2006-06-09 18:22:30 +00:00 · 2006-06-09 18:22:30 +00:00 · 71b169b8c4
commit 71b169b8c4
parent a9ab79a844
1 changed files with 49 additions and 0 deletions
--- a/src/lread.c
+++ b/src/lread.c
@ -1764,6 +1764,9 @@ read_escape (readcharfun, stringp, byterep)
     int *byterep;
 {
  register int c = READCHAR;
+  /* \u allows up to four hex digits, \U up to eight. Default to the
+     behaviour for \u, and change this value in the case that \U is seen. */
+  int unicode_hex_count = 4;

  *byterep = 0;

@ -1928,6 +1931,52 @@ read_escape (readcharfun, stringp, byterep)
 	return i;
      }

+    case 'U':
+      /* Post-Unicode-2.0: Up to eight hex chars.  */
+      unicode_hex_count = 8;
+    case 'u':
+
+      /* A Unicode escape.
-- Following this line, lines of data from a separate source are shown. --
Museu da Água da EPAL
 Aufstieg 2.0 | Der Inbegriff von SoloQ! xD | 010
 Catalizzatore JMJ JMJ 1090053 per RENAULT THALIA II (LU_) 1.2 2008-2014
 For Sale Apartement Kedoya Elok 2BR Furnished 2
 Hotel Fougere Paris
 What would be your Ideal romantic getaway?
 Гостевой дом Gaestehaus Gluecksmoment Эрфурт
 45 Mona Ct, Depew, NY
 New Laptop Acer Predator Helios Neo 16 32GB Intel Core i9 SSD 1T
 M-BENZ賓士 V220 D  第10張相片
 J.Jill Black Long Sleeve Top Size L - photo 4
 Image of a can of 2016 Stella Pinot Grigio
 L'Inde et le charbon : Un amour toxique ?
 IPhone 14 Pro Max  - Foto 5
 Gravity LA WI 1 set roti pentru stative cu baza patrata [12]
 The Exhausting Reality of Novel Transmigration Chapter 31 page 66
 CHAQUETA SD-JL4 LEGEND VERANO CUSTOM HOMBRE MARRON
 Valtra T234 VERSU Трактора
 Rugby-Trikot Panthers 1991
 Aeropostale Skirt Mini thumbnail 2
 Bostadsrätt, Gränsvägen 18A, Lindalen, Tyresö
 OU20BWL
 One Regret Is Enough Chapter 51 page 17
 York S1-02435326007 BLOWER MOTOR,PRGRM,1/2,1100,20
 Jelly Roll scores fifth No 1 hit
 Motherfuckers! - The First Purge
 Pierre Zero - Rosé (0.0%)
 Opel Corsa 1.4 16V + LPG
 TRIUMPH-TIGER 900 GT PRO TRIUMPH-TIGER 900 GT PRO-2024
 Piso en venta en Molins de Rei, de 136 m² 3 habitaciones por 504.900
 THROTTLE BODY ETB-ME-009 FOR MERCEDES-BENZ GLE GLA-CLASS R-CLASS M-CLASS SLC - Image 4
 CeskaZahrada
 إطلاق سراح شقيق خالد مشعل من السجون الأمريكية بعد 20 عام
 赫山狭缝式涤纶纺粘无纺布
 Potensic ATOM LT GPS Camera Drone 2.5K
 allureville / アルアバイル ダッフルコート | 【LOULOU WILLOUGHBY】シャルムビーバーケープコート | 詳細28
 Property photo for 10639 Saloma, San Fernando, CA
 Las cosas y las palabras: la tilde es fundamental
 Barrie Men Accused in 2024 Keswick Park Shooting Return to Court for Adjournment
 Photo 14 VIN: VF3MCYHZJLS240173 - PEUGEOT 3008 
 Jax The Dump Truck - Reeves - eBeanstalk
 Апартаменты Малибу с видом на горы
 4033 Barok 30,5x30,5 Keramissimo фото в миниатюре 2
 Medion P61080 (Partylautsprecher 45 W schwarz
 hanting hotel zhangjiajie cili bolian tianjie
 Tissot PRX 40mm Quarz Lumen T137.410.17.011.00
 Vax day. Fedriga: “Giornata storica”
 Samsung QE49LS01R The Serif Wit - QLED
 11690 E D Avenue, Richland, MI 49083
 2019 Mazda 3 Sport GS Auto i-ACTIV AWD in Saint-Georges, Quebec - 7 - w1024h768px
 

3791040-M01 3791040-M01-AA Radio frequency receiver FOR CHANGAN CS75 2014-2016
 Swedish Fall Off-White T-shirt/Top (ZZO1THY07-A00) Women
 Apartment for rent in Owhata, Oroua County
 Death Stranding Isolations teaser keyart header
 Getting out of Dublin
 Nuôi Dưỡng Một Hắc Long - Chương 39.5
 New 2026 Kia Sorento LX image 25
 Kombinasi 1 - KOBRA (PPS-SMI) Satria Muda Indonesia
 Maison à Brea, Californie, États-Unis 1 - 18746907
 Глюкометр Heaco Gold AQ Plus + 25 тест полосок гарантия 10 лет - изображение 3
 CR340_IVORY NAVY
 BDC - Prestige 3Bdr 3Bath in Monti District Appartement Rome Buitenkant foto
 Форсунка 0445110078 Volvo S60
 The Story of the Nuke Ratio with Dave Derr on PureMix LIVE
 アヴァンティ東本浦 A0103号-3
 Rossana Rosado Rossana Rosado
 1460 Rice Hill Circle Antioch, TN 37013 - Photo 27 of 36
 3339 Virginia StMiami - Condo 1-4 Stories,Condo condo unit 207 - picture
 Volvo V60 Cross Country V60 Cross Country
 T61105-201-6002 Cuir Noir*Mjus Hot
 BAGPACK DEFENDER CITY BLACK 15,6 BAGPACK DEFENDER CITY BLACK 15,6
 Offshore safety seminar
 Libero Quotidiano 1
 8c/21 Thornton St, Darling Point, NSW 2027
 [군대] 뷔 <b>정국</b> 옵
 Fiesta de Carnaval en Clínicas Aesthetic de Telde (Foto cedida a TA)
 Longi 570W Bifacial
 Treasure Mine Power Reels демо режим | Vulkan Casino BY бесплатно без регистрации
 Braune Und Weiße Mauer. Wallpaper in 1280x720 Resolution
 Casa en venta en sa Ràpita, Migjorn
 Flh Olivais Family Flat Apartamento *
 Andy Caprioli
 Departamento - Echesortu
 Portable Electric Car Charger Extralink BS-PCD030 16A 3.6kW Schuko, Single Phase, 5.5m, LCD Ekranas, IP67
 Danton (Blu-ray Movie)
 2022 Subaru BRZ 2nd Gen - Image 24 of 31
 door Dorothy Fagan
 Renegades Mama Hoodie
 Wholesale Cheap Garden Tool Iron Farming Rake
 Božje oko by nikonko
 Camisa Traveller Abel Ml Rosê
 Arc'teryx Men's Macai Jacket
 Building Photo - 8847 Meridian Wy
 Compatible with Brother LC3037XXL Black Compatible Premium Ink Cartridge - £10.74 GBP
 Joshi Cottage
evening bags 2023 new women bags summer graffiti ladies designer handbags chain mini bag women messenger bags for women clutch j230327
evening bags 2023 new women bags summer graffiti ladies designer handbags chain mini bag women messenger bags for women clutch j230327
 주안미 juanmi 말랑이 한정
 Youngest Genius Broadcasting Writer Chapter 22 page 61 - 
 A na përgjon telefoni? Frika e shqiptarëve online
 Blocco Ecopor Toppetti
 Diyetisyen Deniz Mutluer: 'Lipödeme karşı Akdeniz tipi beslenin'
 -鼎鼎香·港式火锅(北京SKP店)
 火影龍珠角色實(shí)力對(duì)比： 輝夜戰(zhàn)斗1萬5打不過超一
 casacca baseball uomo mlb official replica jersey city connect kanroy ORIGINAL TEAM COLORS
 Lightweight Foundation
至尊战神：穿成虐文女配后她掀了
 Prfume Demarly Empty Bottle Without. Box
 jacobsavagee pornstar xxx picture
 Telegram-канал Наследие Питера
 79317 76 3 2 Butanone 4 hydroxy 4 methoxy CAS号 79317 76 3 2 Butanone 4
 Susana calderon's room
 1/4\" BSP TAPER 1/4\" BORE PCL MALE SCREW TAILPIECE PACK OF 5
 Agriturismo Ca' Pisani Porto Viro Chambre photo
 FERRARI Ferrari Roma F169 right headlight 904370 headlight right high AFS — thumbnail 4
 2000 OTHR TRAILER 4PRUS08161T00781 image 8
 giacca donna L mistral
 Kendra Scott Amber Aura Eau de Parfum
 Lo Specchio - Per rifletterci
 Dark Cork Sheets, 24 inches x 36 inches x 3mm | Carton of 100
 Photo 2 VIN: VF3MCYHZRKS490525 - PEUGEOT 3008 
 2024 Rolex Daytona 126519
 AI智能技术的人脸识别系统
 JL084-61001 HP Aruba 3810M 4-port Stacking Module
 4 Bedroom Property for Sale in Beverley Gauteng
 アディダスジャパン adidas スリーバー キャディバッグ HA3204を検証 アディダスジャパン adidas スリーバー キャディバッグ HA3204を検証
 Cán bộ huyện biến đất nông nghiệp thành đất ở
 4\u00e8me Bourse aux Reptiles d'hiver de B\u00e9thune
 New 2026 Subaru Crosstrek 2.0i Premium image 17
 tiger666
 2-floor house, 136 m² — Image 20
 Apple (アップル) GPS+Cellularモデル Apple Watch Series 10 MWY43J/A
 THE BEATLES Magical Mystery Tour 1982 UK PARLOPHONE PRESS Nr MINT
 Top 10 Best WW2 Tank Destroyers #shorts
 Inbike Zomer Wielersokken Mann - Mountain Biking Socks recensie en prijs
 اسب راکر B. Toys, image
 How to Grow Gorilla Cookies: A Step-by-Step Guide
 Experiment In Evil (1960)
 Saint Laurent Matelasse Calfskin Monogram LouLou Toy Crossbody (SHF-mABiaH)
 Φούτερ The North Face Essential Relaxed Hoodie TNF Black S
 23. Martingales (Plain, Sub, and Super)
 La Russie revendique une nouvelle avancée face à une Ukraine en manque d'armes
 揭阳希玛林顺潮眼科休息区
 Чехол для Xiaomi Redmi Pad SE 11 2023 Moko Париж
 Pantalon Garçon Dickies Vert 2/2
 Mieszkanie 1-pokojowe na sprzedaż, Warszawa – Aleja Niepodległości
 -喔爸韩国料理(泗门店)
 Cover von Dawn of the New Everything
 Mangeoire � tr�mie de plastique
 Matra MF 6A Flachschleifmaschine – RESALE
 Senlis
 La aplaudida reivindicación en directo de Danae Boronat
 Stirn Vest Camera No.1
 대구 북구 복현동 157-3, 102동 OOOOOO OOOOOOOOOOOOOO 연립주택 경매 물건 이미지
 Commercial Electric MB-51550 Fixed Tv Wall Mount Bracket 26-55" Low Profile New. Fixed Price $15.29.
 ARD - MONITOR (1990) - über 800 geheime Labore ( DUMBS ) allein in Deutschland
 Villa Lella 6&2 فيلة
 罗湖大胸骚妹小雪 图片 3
We only permit them in strings and characters,
+	 not arbitrarily in the source code, as in some other languages.  */
+      {
+	int i = 0;
+	int count = 0;
+	Lisp_Object lisp_char;
+	struct gcpro gcpro1;
+
+	while (++count <= unicode_hex_count)
+	  {
+	    c = READCHAR;
+	    /* isdigit(), isalpha() may be locale-specific, which we don't
+	       want. */
+	    if      (c >= '0' && c <= '9')  i = (i << 4) + (c - '0');
+	    else if (c >= 'a' && c <= 'f')  i = (i << 4) + (c - 'a') + 10;
+            else if (c >= 'A' && c <= 'F')  i = (i << 4) + (c - 'A') + 10;
+	    else
+	      {
+		error ("Non-hex digit used for Unicode escape");
+		break;
+	      }
+	  }
+
+	GCPRO1 (readcharfun);
+	lisp_char = call2(intern("decode-char"), intern("ucs"),
+			  make_number(i));
+	UNGCPRO;
+
+	if (EQ(Qnil, lisp_char))
+	  {
+	    /* This is ugly and horrible and trashes the user's data.  */
+	    XSETFASTINT (i, MAKE_CHAR (charset_katakana_jisx0201,
+				       34 + 128, 46 + 128));
+            return i;
+	  }
+	else
+	  {
+	    return XFASTINT (lisp_char);
+	  }
+      }
+
    default:
      if (BASE_LEADING_CODE_P (c))
 	c = read_multibyte (c, readcharfun);